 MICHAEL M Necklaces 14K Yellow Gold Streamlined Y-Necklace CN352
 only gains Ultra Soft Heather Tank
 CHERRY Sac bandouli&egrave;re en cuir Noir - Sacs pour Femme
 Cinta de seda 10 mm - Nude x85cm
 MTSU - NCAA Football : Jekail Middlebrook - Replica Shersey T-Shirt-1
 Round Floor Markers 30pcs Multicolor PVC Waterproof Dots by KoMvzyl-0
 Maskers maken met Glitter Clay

──────

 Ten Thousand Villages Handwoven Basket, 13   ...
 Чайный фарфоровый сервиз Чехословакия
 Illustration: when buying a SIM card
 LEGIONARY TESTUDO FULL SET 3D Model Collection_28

──────

§ **WORK ORDER**:
In the listing above, find the line containing "Ten Thousand Villages" and the line containing "LEGIONARY TESTUDO FULL". Output them and every line between, exactly, and nothing else.

§ **TASK SOLUTION**:
 Ten Thousand Villages Handwoven Basket, 13   ...
 Чайный фарфоровый сервиз Чехословакия
 Illustration: when buying a SIM card
 LEGIONARY TESTUDO FULL SET 3D Model Collection_28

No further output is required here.